The primary present downsides with VLMs, from what I’ve seen, are:
- Generally lacking textual content with OCR
- Inference is sluggish
VLMs lacking textual content when performing OCR is one thing I’ve noticed a number of instances. When it occurs, the VLM usually simply misses a bit of the doc and utterly ignores the textual content. That is naturally very problematic, because it may miss textual content that’s important for downstream duties like performing key phrase searches. The rationale this occurs is a sophisticated matter that’s out of scope for this text, nevertheless it’s an issue try to be conscious of if you happen to’re performing OCR with VLMs.
Moreover, VLMs require plenty of processing energy. I’m working regionally on my PC, although I’m additionally working a really small mannequin.

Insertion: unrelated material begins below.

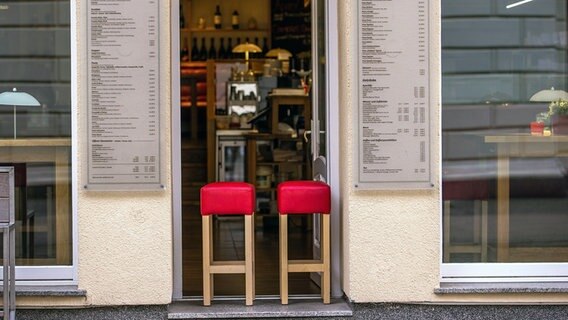 Schwerin: Der Eingang zu einem Restaurant im Stadtzentrum ist mit zwei Barhockern abgesperrt. © dpa-Bildfunk Foto: Jens Büttner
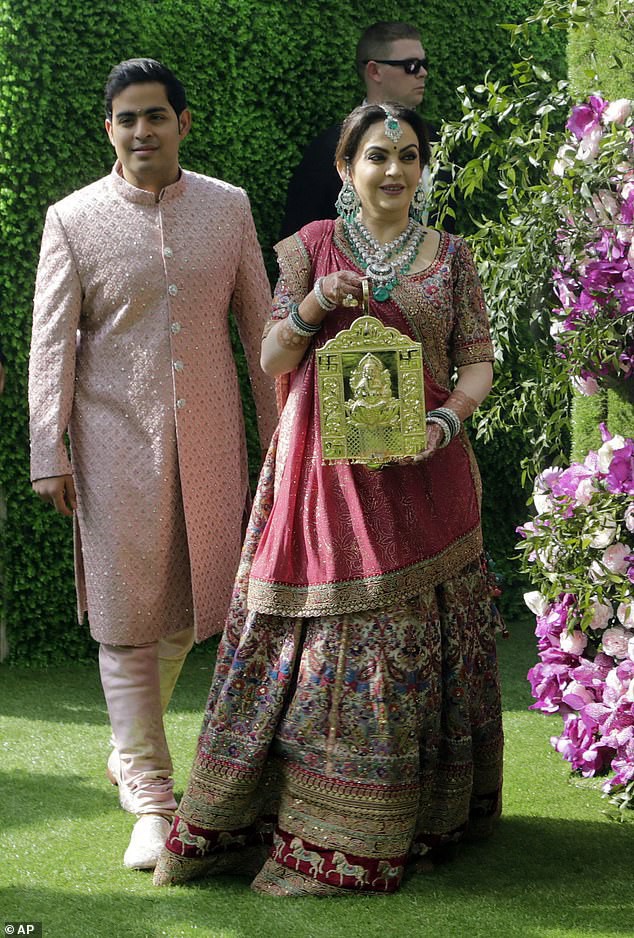 Dàn sao siêu khủng dự hôn lễ quý tử tỷ phú giàu nhất Ấn Độ: Hoa hậu thế giới, Cựu thủ tướng Anh, CEO Google góp mặt - Ảnh 5.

I began experiencing reminiscence points once I merely wished to course of a picture with dimensions of 2048×2048, which is problematic if I need to carry out textual content extraction from bigger paperwork. You possibly can thus think about how resource-intensive it’s to use VLMs to both:
- Extra pictures directly (for instance, processing a 10-page doc)
- Processing paperwork of upper resolutions
- Utilizing a bigger VLM, with extra parameters
Conclusion
On this article, I’ve mentioned VLMs, the place I began off discussing why we want VLMs, highlighting how some duties require each textual content and the visible place of the textual content. Moreover, I highlighted some duties you may carry out with VLMs and the way Qwen 3 VL was capable of carry out these duties. I believe the imaginative and prescient modality will probably be an increasing number of essential within the coming years. Up till a yr in the past, virtually all focus was on pure textual content fashions. Nonetheless, to achieve much more highly effective fashions, we have to make the most of the imaginative and prescient modality, which is the place I imagine VLMs will probably be extremely essential.